"蔚来杯"2022牛客暑期多校训练营6 A(放缩?,构造),M(博弈dp)
"蔚来杯"2022牛客暑期多校训练营6 A(放缩?,构造),M(博弈dp)
A
题意
给一个长 \(n\) 的数组 \(a\) ,构造长度为 \(m\) 环形序列 \(c\) 使得每 \(a_i\) 个数字至少出现一次 \(i\) 。
数据保证 \(\sum_{i=1}^{n} \frac{1}{a_i} \le \frac{1}{2}\) 。
思路
暂且不管 \(\sum_{i=1}^{n} \frac{1}{a_i} \le \frac{1}{2}\) 这个奇怪的约束,我们考虑何时一定有解。

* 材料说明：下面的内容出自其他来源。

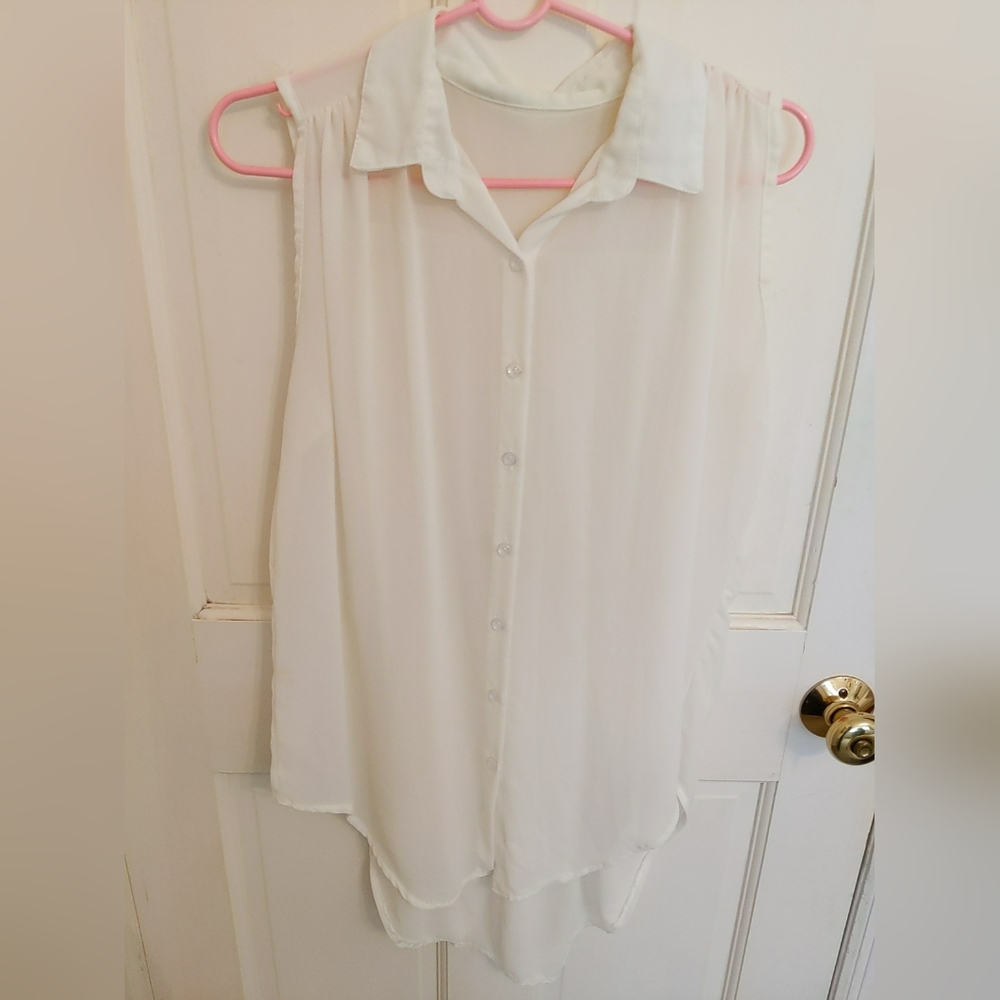 Women's White Summer Blouse Tank Top Pockets Size Small S Macys Collared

如果设 \(m\) 是 \(c\) 的长度,任意一个数字出现的次数是 \(\lceil \frac{m}{a_i} \rceil\) 。于是有 \(\sum_{i=1}^{n} \lceil \frac{1}{a_i} \rceil \le 1\)。和约束形式一致,所以它其实是保证有解的。
另外有一种感性的想法,\(a_i\) 可以认为是步长或者周期,于是 \(\frac{1}{a_i}\) 就是出现频率。那么只要所有数的出现频率不超过 \(1\) 就可以了,也就是 \(\sum_{i=1}^{n} \lceil \frac{1}{a_i} \rceil \le 1\)
另一方面,因为 \(\sum_{i=1}^{n} \lceil \frac{1}{a_i} \rceil \le \frac{1}{2} \le 1\) 。说明我们可以一定程度上缩小 \(a_i\) 。
因为 \(\sum_{i=1}^{n} \lceil \frac{1}{a_i /2} \rceil \le 1\) ,所以最大可以将距离缩小一半。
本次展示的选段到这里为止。